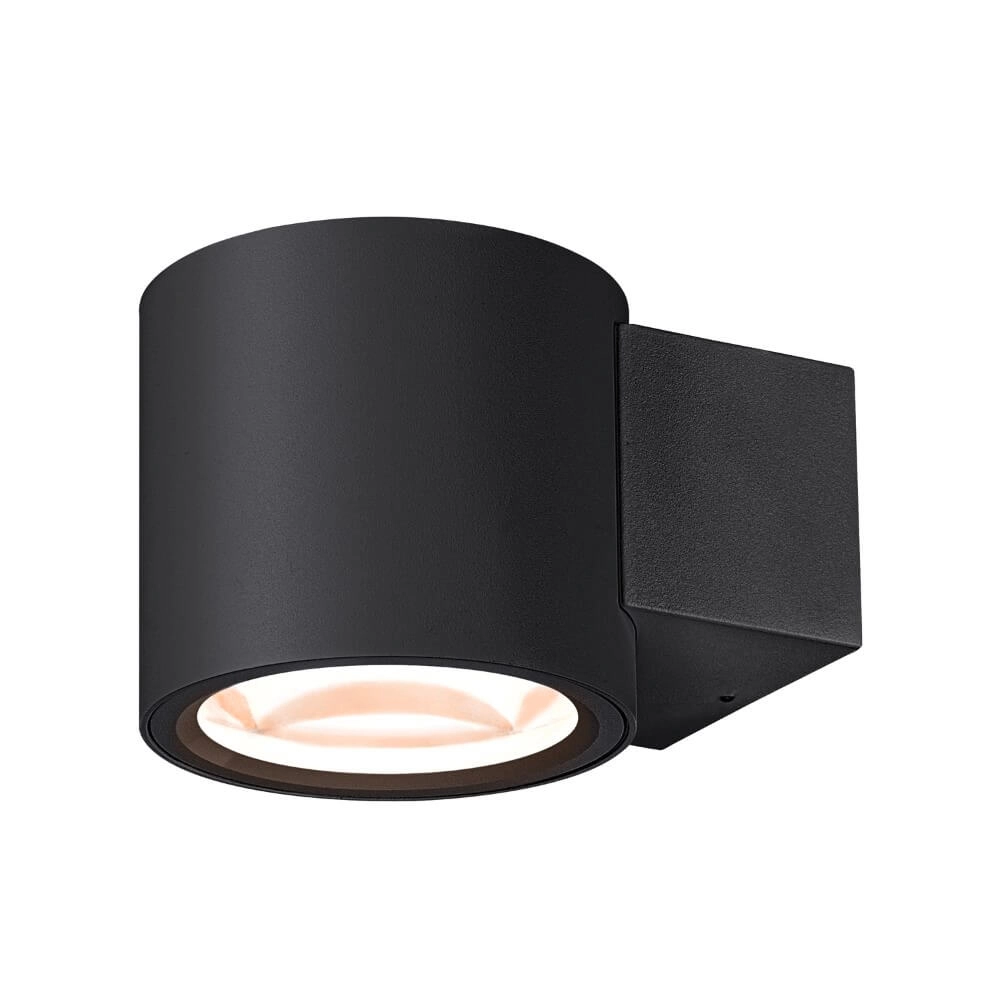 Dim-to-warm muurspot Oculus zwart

---

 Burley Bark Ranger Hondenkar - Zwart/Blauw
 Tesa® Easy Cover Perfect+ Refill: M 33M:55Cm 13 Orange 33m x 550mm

__Requirement__. What are the lines, exactly as written above, from the line with "Burley Bark Ranger Hondenkar - Zwart/Blauw" to the line with "Tesa® Easy Cover", both included? Output only those.

__Exercise answer__.
 Burley Bark Ranger Hondenkar - Zwart/Blauw
 Tesa® Easy Cover Perfect+ Refill: M 33M:55Cm 13 Orange 33m x 550mm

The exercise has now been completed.